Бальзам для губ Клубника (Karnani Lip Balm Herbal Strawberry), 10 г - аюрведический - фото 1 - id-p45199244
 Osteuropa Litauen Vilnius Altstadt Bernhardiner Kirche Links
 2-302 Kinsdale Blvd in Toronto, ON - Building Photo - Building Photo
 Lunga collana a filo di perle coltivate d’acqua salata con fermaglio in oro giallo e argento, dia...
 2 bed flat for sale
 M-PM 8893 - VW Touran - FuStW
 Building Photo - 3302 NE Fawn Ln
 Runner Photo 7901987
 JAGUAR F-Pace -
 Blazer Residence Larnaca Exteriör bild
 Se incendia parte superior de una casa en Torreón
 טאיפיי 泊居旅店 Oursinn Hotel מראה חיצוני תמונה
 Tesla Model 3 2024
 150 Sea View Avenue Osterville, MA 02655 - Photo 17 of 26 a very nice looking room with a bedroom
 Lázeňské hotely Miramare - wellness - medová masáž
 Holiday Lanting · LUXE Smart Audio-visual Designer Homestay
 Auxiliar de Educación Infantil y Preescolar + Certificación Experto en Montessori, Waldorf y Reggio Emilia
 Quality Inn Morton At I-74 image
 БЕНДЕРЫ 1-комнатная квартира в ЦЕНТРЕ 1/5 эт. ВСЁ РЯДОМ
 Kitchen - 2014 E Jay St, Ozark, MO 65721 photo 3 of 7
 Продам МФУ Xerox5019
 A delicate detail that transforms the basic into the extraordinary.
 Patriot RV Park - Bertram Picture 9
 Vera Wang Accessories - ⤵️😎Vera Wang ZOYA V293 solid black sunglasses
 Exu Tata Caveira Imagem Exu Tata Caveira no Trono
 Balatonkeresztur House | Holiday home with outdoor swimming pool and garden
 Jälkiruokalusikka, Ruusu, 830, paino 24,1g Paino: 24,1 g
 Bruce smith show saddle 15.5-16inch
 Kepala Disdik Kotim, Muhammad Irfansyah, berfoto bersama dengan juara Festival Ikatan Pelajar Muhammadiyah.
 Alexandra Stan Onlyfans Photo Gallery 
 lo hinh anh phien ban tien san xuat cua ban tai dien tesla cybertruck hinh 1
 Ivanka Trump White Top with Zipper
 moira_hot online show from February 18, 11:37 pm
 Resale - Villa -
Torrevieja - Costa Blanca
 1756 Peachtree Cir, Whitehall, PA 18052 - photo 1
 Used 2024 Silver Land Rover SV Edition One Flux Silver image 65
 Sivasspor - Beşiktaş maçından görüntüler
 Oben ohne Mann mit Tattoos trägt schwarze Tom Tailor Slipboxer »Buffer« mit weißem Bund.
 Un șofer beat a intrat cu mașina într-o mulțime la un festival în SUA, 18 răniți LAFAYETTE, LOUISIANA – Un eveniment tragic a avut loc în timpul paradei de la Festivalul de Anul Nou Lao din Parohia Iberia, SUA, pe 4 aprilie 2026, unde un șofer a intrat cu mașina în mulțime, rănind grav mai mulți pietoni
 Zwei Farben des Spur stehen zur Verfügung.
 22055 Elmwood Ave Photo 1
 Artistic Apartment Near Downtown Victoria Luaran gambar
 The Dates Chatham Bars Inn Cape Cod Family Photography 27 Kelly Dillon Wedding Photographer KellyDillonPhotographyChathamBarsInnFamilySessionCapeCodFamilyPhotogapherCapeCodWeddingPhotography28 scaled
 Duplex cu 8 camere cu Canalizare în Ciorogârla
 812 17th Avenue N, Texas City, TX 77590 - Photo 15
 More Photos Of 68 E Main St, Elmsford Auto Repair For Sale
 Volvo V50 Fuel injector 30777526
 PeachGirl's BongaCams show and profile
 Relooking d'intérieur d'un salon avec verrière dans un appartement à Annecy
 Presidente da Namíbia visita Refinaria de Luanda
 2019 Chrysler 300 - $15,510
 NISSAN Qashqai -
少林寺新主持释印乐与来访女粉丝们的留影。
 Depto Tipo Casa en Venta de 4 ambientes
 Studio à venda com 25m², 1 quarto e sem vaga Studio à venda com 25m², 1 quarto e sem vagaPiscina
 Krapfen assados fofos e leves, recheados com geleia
------------------------------------
For this exercise, please output exactly the lines above starting at the line with "1756 Peachtree Cir, Whitehall, PA" and ending at the line with "Oben ohne Mann", ends included.

• **Answer to the exercise**
 1756 Peachtree Cir, Whitehall, PA 18052 - photo 1
 Used 2024 Silver Land Rover SV Edition One Flux Silver image 65
 Sivasspor - Beşiktaş maçından görüntüler
 Oben ohne Mann mit Tattoos trägt schwarze Tom Tailor Slipboxer »Buffer« mit weißem Bund.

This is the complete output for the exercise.